À peine débarqué de l’aéroport, le Docteur Martin Harris (Neeson), venu participer à un congrès scientifique, est victime d’un accident de voiture qui le plonge quatre jours durant dans un coma profond. Mais lorsqu’il retrouve sa femme, celle‑ci ne le reconnaît plus et un homme semble avoir pris son identité. Victime (ou pas) du syndrome Jason Bourne, amnésie inquiétante devenue une marque de fabrique du thriller contemporain, Harris décide de démêler l’écheveau de ce qui ressemble, de près comme de loin, à une conspiration politico‑financière.
Depuis le carton Taken, production Besson dans laquelle un père enragé débarquait à Paris afin de récupérer quelque chose (sa fille) à grands renforts de poursuites et de nuques brisées (226 millions de dollars de recettes pour une mise de 25), Liam Neeson a ouvert à 55 ans une seconde carrière d’actioner. Sans identité remplit sans peine son cahier des charges de série B à gros budget, mais permet aussi de comprendre pourquoi tant de jeunes transfuges espagnols, ayant fait leurs armes dans le fantastique, se greffent si bien à Hollywood.
Leur force : croire dur comme fer aux vertus d’un scénario à tiroirs mais qui retombe toujours sur ses pieds.
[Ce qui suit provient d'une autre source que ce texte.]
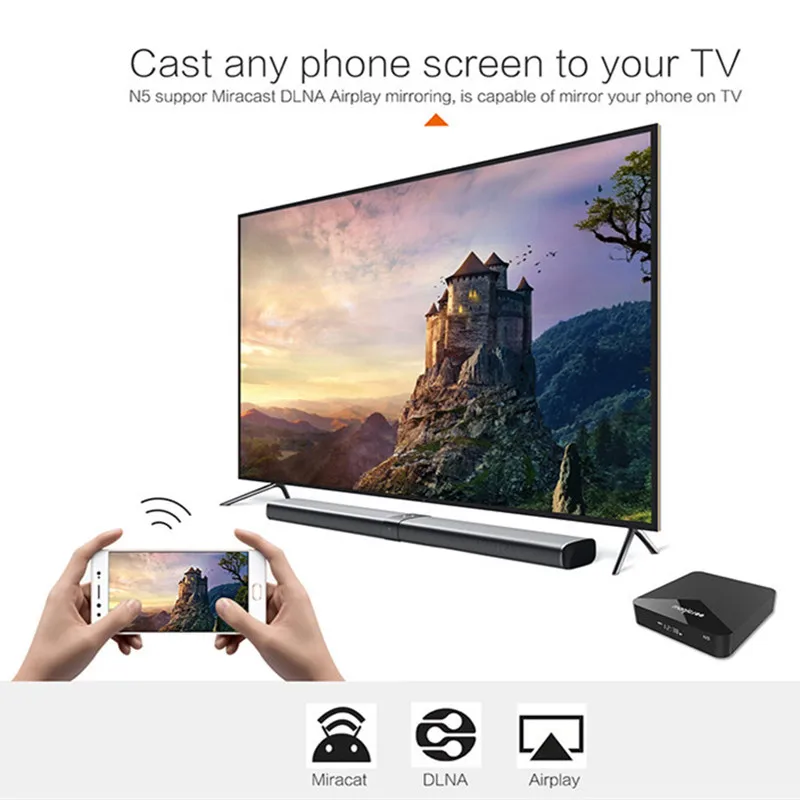 MAGICSEE N5 Smart tv Box Android 7.1.2 Amlogic S905X Mali 450 2 Гб 16 Гб телеприставка 2,4G Wifi 4K H.265 Bluetooth 4,1 медиаплеер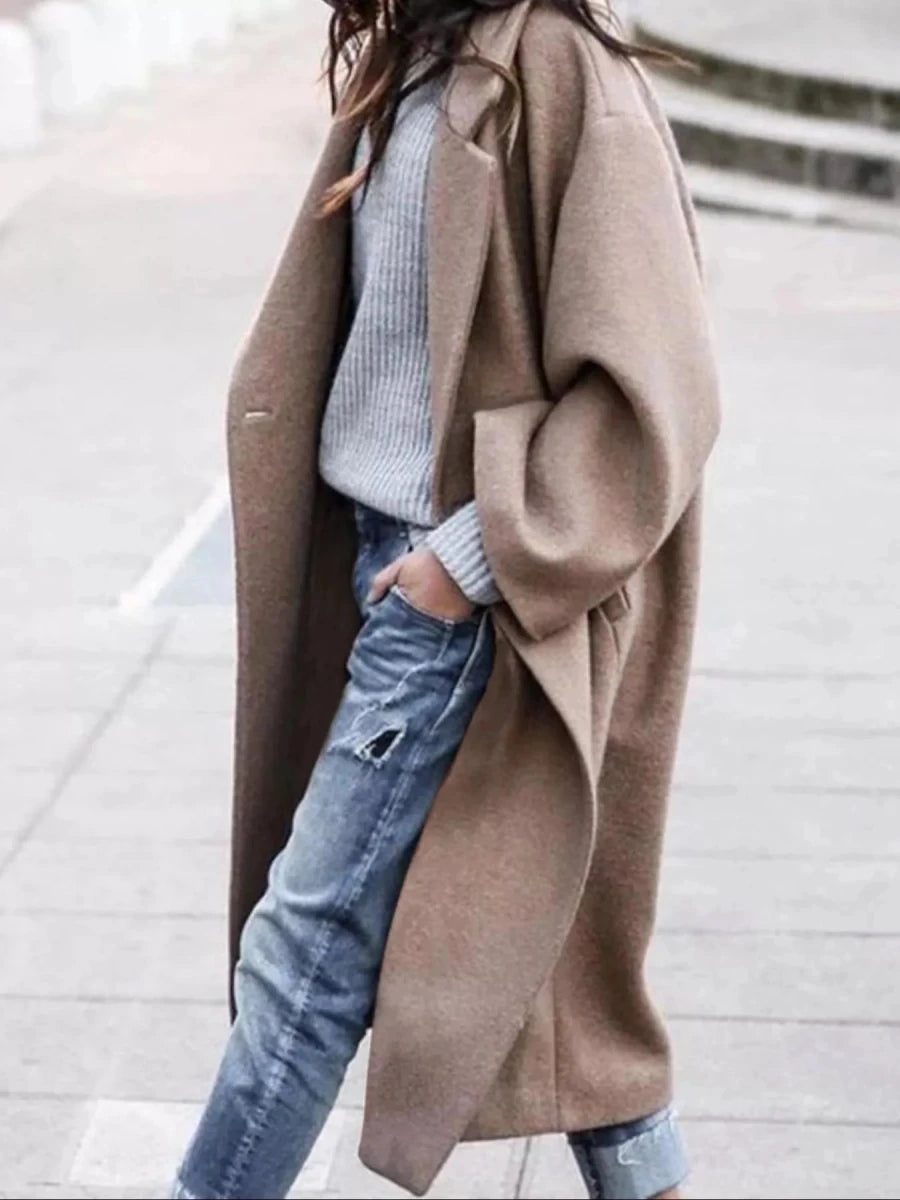 Longline Wool Blend Overcoat with Pockets - 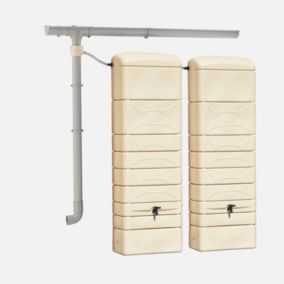 Lot de 2 récupérateurs d'eau. mural Chastang 300L Beige avec kit raccord chéneau inclus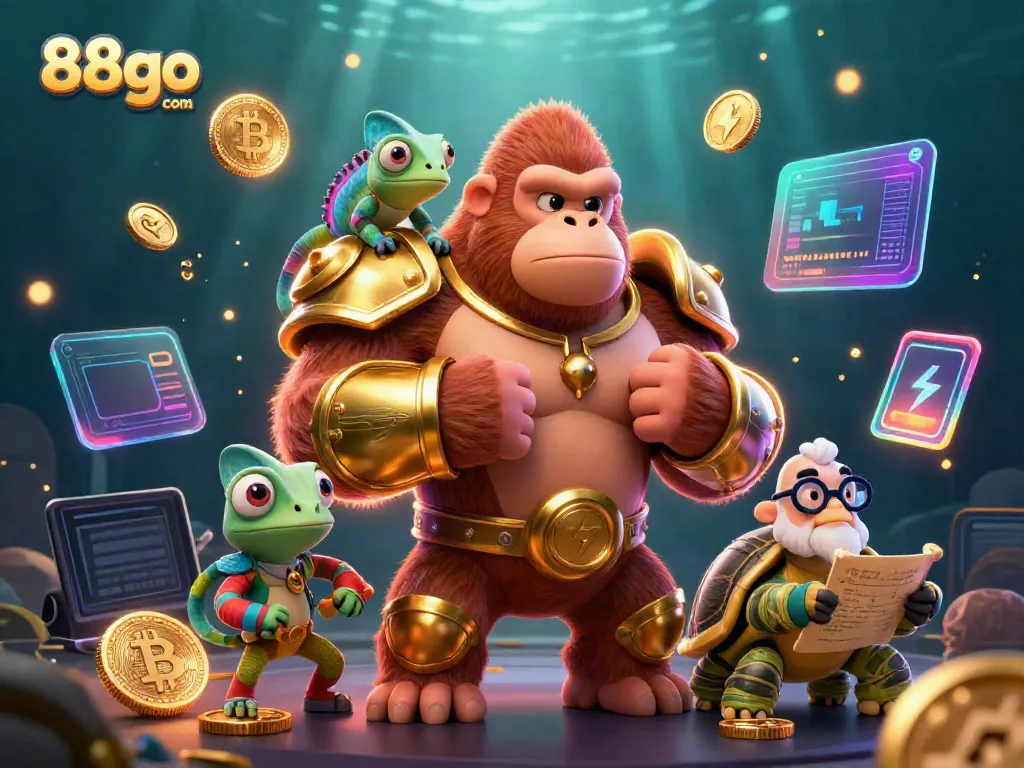 Experience the excitement of 88go com with a powerful gorilla king and vibrant casino elements.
Ici, Neeson perd une femme, mais ne quittera pas le film sans en avoir retrouvé une autre ; de même que les trous d’air de sa mémoire finiront par être intégralement colmatés. Leur faiblesse, sorte de face obscure de la Force, consiste à tout miser sur l’écriture et les rebondissements, laissant à la mise en scène le soin d’accompagner les à‑coups de l’histoire (à chaque twist, la caméra tressaute).
Résultat, la forme, pour efficace qu’elle soit, ne prend jamais en charge l’évolution du récit, toujours à la traîne d’une inquiétude que le scénario aura d’abord confirmé. Le contraire des films paranoïaques d’Alan Pakula par exemple (À cause d’un assassinat, Klute), qui faisaient naître par la forme le sentiment diffus d’un complot, avant que le scénario, mais plus tard, ne leur trouve un petit objet. Il y a quarante ans déjà.